Detail of the subject:
The goal of this post-doctoral position is to probe the local polarisation in ferroelectric materials as a function of applied bias voltage across layers and the local effective dielectric constant in dielectric
materials. For doing that, the research project will consist in elaborating ferroelectric and dielectric thin layers in order to develop a special geometry incorporating a floating metallic electrode
connecting these materials to a reference capacitor of nanometric dimensions for electrical characterizations and mapping of the local potential when applying a bias.
First, model (amorphous and crystalline) nanodevices made of ferroelectrics (e.g: BaTiO3, HfO2) and dielectrics (e.g: Si3N4, ZrO2) with metallic electrodes (e.g: TiN, LaxSr1-xMnO3) will be grown by different
techniques present at SPEC and C2N (atomic layer deposition, oxygen-assisted molecular beam epitaxy and pulsed laser deposition) on doped-Si and Nb-doped SrTiO3 substrates.
Secondly, the work will be focused on the advanced electrical measurements of the different heterostructures. The as-grown films will be first electrically characterized at the local scale by atomic force microscopy in conductive mode (CT-AFM) to study the homogeneity of the electrical resistivity and by using piezo-response force microscopy (PFM) to investigate the arrangement of the electrical polarization in ferroelectric layers. The heterostructures will be then patterned into micro-capacitors in clean room at C2N and the electrical response of the devices, including capacitance and polarization measurements, will be measured at the macroscale.

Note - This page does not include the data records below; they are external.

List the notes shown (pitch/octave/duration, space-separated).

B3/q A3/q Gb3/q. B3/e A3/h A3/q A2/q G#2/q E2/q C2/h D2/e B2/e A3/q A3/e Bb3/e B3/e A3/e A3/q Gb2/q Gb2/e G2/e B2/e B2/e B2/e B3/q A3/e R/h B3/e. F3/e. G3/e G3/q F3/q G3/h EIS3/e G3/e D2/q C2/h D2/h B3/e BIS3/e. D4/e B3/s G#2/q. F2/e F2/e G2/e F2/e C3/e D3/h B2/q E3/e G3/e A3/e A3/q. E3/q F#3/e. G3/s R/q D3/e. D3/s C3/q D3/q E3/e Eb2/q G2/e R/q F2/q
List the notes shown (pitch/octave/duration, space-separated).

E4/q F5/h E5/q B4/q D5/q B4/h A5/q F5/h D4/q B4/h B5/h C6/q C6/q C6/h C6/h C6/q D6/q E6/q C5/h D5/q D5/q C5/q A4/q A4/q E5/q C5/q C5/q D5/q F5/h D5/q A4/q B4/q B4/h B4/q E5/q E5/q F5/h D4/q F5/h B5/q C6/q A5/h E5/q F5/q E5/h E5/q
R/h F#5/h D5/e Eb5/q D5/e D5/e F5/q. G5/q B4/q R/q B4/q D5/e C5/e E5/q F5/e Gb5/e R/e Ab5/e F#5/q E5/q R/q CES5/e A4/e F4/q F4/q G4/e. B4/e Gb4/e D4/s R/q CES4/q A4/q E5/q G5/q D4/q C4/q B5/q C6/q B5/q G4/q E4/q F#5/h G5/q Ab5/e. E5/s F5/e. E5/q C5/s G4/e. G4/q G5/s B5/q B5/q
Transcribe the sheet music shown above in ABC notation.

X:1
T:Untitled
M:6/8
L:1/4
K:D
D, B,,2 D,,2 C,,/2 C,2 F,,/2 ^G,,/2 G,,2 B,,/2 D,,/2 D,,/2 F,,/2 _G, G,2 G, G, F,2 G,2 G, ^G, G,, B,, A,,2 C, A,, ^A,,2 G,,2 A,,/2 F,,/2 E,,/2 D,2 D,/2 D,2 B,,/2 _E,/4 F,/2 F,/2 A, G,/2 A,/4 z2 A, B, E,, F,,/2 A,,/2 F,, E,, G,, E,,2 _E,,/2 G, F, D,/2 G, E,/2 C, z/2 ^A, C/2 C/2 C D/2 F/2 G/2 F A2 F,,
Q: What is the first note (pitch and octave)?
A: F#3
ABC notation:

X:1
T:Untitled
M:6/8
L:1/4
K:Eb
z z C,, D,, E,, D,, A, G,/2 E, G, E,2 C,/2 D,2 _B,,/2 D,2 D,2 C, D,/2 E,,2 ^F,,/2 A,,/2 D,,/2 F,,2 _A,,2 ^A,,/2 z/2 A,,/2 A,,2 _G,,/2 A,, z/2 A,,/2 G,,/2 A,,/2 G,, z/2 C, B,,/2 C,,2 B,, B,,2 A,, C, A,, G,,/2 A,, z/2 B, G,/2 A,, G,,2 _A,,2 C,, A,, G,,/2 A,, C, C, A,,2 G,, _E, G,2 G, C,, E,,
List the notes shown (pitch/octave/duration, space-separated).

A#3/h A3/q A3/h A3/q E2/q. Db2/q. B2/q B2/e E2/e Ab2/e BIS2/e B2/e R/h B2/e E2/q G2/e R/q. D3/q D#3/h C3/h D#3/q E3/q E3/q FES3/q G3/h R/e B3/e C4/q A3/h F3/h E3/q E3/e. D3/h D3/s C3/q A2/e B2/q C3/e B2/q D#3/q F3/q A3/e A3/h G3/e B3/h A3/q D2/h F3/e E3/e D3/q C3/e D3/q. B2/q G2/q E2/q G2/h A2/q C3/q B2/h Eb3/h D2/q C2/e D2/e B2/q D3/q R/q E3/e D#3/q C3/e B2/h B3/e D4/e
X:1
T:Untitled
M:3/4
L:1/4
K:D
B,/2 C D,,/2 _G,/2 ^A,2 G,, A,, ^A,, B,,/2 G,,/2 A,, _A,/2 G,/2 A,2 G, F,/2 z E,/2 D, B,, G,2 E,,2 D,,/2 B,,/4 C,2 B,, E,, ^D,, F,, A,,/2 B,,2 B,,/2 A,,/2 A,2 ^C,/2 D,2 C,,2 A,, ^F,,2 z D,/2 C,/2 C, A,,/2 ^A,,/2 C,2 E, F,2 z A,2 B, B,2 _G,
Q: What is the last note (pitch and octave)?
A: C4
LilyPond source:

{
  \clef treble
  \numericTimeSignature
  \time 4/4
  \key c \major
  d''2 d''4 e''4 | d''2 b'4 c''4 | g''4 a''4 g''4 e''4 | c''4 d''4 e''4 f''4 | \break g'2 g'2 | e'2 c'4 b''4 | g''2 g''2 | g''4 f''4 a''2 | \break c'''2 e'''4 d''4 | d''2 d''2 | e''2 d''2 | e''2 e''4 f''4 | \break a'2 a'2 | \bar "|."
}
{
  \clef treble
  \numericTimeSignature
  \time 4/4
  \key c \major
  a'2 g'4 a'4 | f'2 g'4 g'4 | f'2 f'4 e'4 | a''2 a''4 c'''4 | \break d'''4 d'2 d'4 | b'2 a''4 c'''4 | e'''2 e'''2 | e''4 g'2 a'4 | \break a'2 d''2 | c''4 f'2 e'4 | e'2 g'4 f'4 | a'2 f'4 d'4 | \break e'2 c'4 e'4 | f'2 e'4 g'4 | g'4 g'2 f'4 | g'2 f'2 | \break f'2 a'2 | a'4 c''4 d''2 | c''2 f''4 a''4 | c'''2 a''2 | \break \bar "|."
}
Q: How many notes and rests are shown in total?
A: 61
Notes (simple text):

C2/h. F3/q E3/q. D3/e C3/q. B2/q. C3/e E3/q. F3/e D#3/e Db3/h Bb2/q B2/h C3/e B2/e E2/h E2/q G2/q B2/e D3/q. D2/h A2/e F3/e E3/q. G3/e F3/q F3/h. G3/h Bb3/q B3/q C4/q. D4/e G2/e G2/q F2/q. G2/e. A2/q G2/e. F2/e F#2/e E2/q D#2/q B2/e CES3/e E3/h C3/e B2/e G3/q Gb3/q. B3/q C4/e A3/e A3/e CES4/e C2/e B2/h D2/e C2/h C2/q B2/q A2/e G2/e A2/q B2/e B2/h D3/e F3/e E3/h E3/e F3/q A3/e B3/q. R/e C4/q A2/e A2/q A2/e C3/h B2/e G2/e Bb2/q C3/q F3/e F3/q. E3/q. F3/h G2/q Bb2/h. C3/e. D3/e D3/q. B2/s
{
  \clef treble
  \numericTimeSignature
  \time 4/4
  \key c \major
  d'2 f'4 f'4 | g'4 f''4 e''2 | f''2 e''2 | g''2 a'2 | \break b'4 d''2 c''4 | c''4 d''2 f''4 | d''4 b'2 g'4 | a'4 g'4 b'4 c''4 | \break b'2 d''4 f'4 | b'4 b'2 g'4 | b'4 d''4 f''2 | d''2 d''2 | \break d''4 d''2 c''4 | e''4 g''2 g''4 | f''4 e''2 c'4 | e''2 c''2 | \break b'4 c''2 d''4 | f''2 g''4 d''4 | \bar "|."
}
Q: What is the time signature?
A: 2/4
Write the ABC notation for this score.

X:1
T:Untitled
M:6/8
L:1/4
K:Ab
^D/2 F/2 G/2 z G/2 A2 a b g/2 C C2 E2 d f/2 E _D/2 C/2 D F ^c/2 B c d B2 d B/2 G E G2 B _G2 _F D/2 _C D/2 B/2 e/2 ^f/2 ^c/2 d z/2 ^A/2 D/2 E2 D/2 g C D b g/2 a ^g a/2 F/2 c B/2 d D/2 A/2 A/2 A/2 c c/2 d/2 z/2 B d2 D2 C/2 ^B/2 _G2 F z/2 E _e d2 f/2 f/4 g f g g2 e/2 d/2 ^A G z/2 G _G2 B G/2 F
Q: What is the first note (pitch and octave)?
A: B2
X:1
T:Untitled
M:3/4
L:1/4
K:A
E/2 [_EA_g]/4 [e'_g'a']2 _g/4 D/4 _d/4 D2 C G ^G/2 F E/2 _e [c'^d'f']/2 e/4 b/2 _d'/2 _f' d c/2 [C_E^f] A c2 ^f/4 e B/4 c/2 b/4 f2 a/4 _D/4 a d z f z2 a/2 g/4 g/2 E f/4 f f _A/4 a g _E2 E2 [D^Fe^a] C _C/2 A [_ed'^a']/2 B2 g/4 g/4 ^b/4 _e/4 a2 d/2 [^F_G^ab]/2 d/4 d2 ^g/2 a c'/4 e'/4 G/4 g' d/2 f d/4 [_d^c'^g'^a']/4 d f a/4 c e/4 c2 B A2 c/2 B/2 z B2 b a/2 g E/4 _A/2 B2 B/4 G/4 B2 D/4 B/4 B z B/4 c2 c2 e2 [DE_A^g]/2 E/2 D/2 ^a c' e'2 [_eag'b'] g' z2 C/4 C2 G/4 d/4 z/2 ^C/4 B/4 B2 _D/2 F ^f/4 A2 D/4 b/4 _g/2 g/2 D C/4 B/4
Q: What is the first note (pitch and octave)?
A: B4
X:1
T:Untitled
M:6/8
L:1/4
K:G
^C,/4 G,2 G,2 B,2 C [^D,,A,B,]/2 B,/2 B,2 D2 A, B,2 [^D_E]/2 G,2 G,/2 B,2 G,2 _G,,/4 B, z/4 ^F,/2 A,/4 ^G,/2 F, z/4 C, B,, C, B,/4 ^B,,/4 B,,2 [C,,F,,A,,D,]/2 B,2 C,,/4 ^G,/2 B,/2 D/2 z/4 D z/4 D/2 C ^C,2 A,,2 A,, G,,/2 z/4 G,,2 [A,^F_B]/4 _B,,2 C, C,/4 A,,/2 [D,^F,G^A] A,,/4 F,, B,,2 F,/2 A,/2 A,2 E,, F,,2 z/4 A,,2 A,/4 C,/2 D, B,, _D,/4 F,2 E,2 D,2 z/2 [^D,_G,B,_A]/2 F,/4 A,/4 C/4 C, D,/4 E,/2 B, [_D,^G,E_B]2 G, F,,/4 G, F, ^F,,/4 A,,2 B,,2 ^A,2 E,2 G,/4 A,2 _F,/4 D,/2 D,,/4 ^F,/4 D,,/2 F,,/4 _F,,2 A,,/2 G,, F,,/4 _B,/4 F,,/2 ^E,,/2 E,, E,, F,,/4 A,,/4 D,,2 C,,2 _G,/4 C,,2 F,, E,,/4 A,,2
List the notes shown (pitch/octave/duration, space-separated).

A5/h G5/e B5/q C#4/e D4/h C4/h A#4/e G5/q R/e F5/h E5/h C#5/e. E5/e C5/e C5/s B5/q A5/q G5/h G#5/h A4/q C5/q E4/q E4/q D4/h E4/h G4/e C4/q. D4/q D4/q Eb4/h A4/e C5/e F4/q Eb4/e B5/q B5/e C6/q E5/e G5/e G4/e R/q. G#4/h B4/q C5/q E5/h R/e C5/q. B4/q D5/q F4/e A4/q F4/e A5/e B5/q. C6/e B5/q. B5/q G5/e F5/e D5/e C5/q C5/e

The retained candidate will be shared between C2N and SPEC (University Paris-Saclay) according to the systems to elaborate and the electrical measurements to perform. The elaboration of different heterostructures will be realized at C2N and SPEC, while the PFM and advanced macroscopic
electrical measurements on nanostructured devices will be mainly performed at C2N.
The local picture and the global dielectric/ferroelectric study of the devices will be essential inputs for operando holography studies in which the young researcher will be also involved (ANR in progress).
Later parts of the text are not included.